Blake Miller

Personal information
- Nationality: American
- Born: July 9, 1972 (age 54) Manhasset, New York, U.S.
- Height: 6 ft 1 in (185 cm)
- Weight: 195 lb (88 kg; 13 st 13 lb)

Sport
- Position: Midfield
- NLL teams: New York Titans New York Saints New Jersey Storm Anaheim Storm
- MLL team Former teams: Long Island Lizards Philadelphia Barrage
- Pro career: 1998–unknown

= Blake Miller (lacrosse) =

American lacrosse player (born 1972)

Blake Miller (born July 9, 1972) was a professional lacrosse player from Manhasset, New York. He is an offensive-minded midfielder.

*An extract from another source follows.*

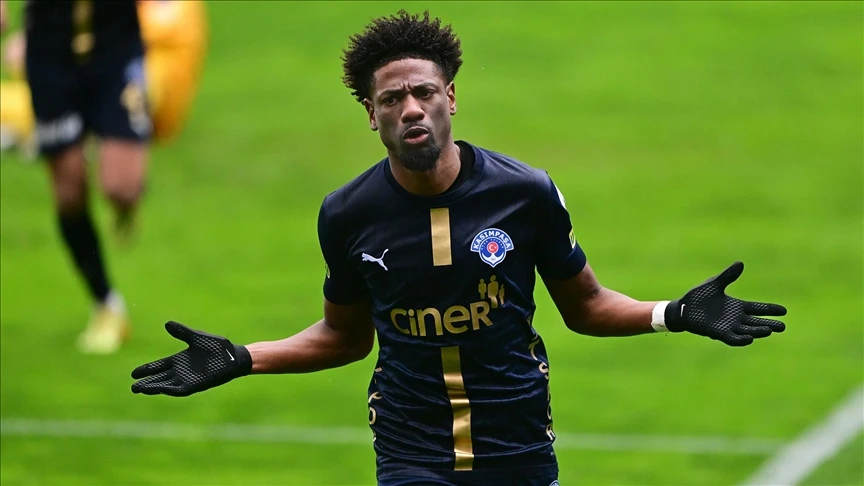 RAMS Başakşehir, Nuno Da Costa'yı renklerine bağladı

Miller graduated from Hofstra University in 1996 where he was an Honorable Mention All-American.

==MLL career==

He played for Major League Lacrosse with the Long Island Lizards from 2004 to 2014. He was named the 2004 offensive player of the year and is a three time Major League Lacrosse All Star.

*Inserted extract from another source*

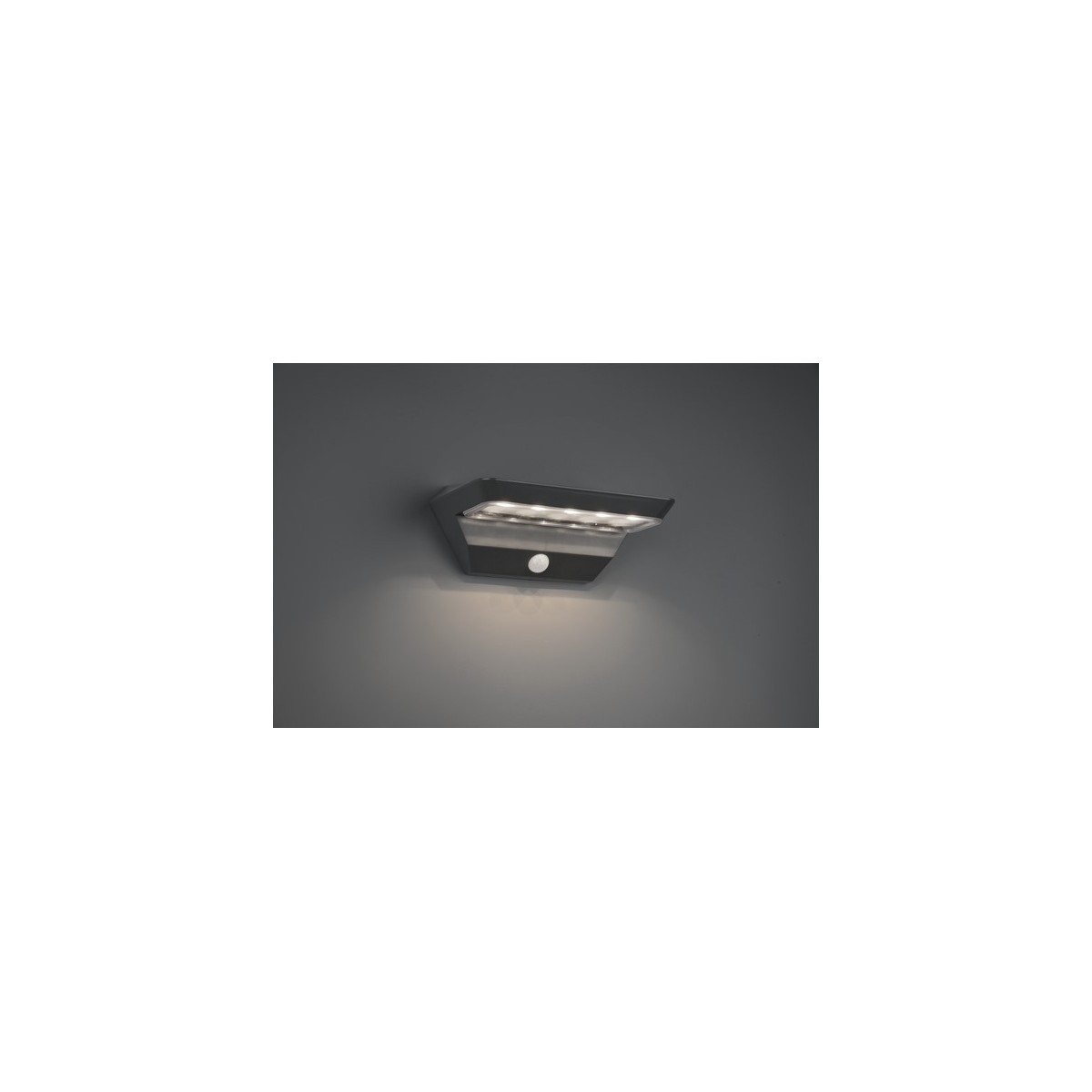 Nowoczesna lampa ogrodowa RL MENDOZA R22241142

He has also played for Team USA in the World Lacrosse Championships in 1998 and 2006.

==NLL career==

From 1998 to 2004 played indoor lacrosse in the National Lacrosse League with the New York Saints, New Jersey Storm, and Anaheim Storm. Miller did not play in 2005 or 2006.

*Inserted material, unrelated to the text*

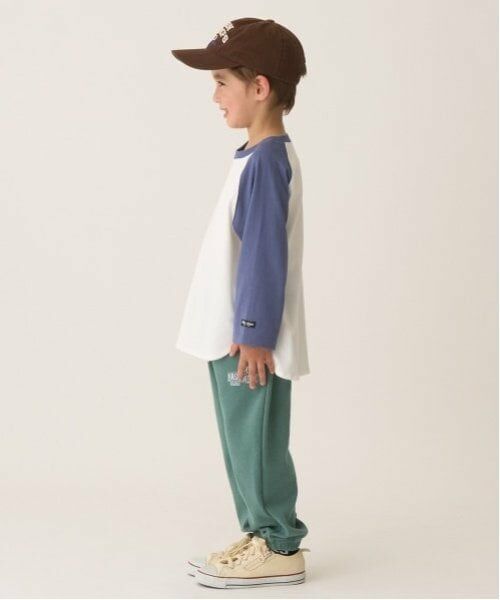 b・ROOM / ビールーム Tシャツ | 【カイテキ天竺】ビッグシルエットラグランTシャツ | 詳細19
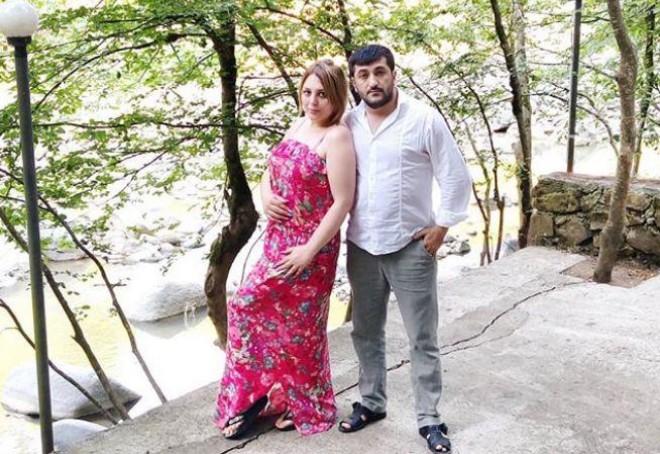 Səidə Dadaşovanın şəkli şübhələndirdi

In 2007, Miller joined the New York Titans for their inaugural season.

On January 26, 2007, Miller, who usually wears number 26, wore number 27 to honor Nick Colleluori. Colleluori a junior at Hofstra University and was a member of the Hofstra lacrosse team, died from non-Hodgkin's lymphoma in November 2006, wore number 27.